THE COMMUNION OF SAINTS
Perhaps we had hurt that person, or he or she had hurt us, and it was never fully reconciled. Or we feel guilt, because while that person was alive, we should have given more of ourselves to him or her but were too busy with our own lives to reach out.
Worse still, perhaps someone has died for whom we had felt hatred and we should have made some gesture of reconciliation and we never did. Now it’s too late! Death has separated us, and some painful bitterness now lies irrevocably unresolved and we live with the guilt, wishing we had done something before it was too late.
But it’s not too late. It’s never too late if we take seriously the Christian doctrine of the communion of saints. To believe in the communion of saints is to believe that those who have died are still alive and are linked to us in such a way that we can continue to talk with them, that our relationship with them can continue to grow, and that the reconciliation that wasn’t possible before their deaths can now occur.
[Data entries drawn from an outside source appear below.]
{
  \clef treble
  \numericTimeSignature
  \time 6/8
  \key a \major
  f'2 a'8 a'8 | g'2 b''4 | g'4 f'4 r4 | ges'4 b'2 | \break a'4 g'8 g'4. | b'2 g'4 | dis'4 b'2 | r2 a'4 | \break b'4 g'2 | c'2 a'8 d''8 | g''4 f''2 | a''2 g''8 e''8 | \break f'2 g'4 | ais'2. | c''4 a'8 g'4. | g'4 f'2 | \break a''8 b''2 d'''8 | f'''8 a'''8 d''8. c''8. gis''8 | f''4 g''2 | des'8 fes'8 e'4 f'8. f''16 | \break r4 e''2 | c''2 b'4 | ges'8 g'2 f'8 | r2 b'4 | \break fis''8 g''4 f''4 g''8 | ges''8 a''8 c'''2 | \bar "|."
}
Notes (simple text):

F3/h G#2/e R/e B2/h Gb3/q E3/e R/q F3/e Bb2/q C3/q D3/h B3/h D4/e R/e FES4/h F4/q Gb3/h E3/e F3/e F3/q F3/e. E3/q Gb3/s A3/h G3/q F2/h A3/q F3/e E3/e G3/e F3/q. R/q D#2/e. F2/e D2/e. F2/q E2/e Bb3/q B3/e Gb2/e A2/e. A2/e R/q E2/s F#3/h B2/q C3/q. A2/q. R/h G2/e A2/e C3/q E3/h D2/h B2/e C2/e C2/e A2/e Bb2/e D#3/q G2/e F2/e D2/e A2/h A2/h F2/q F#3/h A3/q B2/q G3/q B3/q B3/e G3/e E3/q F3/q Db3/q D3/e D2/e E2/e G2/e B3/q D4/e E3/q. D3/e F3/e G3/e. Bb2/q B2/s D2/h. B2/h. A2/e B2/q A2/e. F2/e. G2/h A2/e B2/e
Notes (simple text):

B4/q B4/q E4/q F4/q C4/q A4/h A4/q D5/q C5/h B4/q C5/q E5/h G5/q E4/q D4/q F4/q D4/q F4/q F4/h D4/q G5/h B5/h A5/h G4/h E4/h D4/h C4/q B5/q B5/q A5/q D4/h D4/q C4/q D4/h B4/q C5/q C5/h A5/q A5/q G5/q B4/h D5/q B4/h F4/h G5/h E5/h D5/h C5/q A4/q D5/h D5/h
“Today you will be with me in paradise!” Jesus speaks those words to the good thief on the cross and they’re meant for every one of us who dies without yet fully being a saint and without having had the time and opportunity to make all the amends and speak all the apologies that we owe to others. There is still time after death, on both sides, for reconciliation and healing to happen because inside the communion of saints we have privileged access to each other and there we can finally speak all of those words that we couldn’t speak before. We can reach across death’s divide.
It can be a great consolation to die a happy death, snug and reconciled in the arms of love, with no unfinished business. But, happily, there’s time still after death for this to happen for those of us who aren’t so lucky and who end up dying with some bitterness, anger, wound, and frustration still gnawing away.